I'm not saying whether that's right or wrong, I'm just saying that calling them concentration camps is hyperbolic and uproductive.
It's not hyperbolic and unproductive, it's the plain truth, just like the Japanese concentration camps during WW2.
Yes, it would be wrong if there was not a justified basis for it.
Whether there's a justified basis for interning all people formally labelled as criminals in the USA I'll leave as an exercise, because it's obviously complicated there. So many people are imprisoned in the USA compared with other countries that it seems reasonable to doubt whether it is all justified, or even smart for those who remain outside.
When it comes to interning people who have few choices in life and are doing nothing of significant harm except being somewhere, and in a significant fraction of cases they have been there since birth or near birth, I see no justice-based justification for that.
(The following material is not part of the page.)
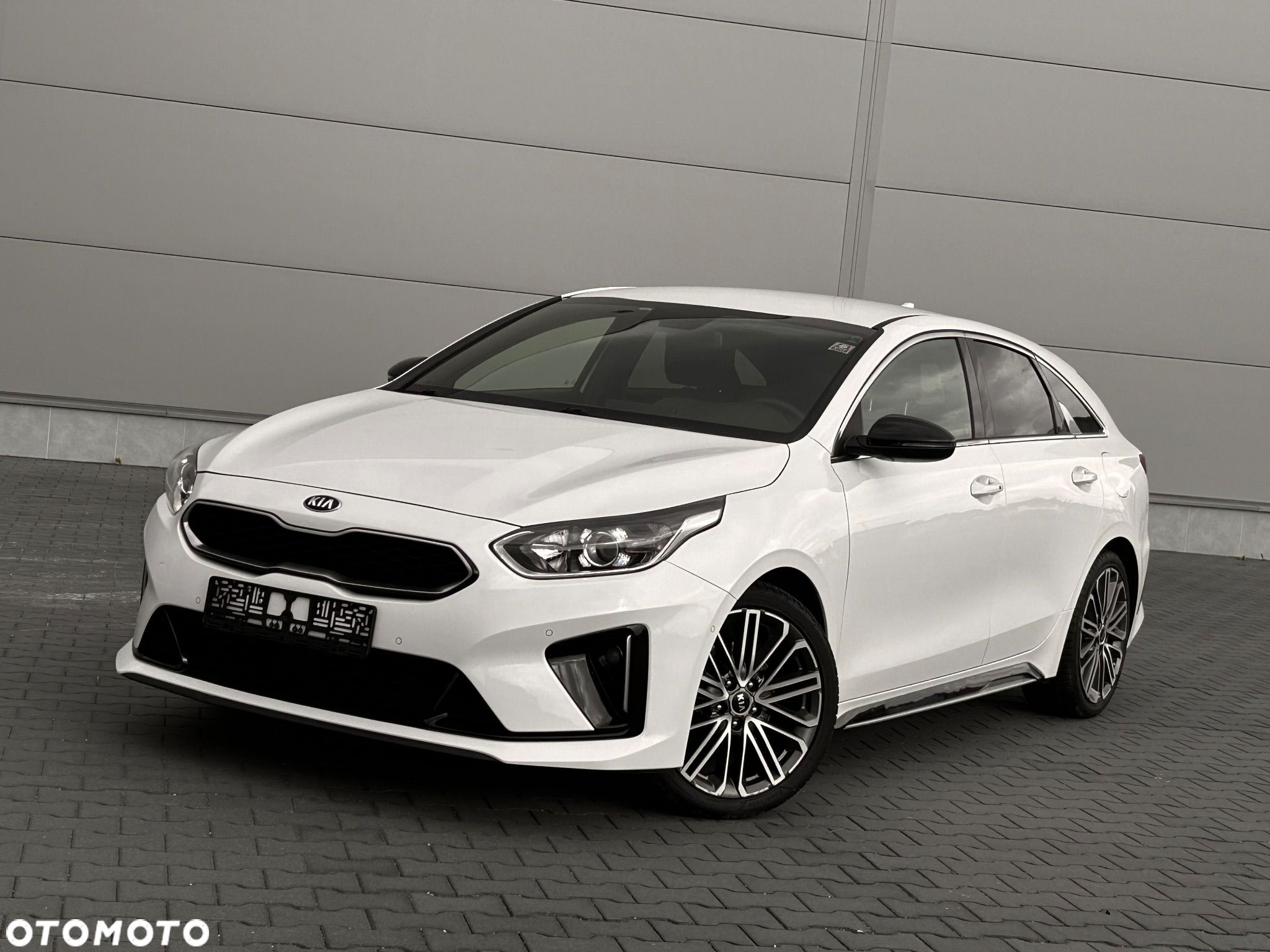 Kia ProCeed 1.6 CRDi DCT7 SCR GT LINE - 1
Immigration detention centres have many of the awful qualities of prison, but the inmates there have not been subject to due process, and do not have a fixed term to serve out. These are qualities that make them more like a concentration camp.
At best, you could say the detention is politically-based to a much greater degree than criminal justice. This is obvious because detention is based on bureaucracy, what mood an official is in when they make a decision, and a person's background which they cannot do anything about, rather than the higher standard of criminal due process based on personal behaviour and trained, scrutinised judges; and because changes of political direction and secondary legislation (i.e. regulations made by beaurocrats, rather than laws) significantly change who is rounded up and released.
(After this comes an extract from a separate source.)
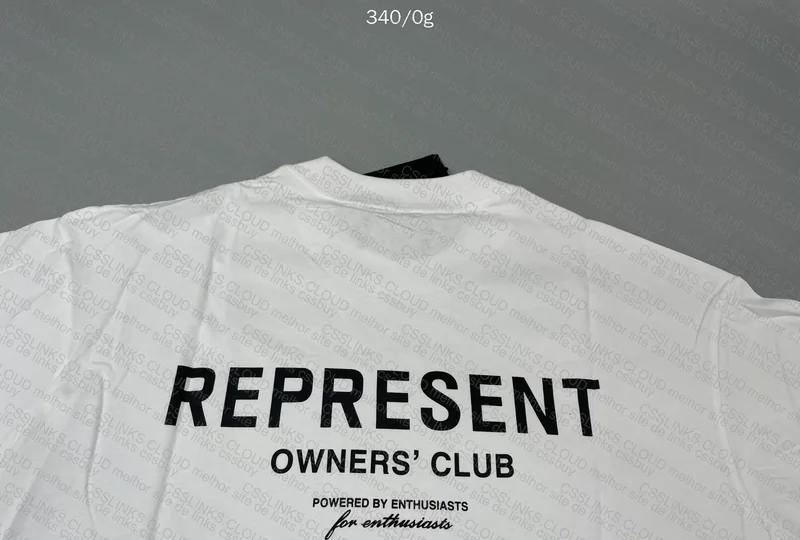 Represent Jersey 3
So if it's not justified as a prison, and does not have the qualities we associate with justice, and is selecting people based on their background they can do nothing about.... yes, that makes it meet the definition of a concentration camp IMHO.
But we don't call them concentration camps because that's not a good look, due to association with gas chambers and death trains, which to be fair ICE is not known for. We call them detention centres and avoid thinking about what that really means for the people and their families. Which if you think about it, sounds familiar from history...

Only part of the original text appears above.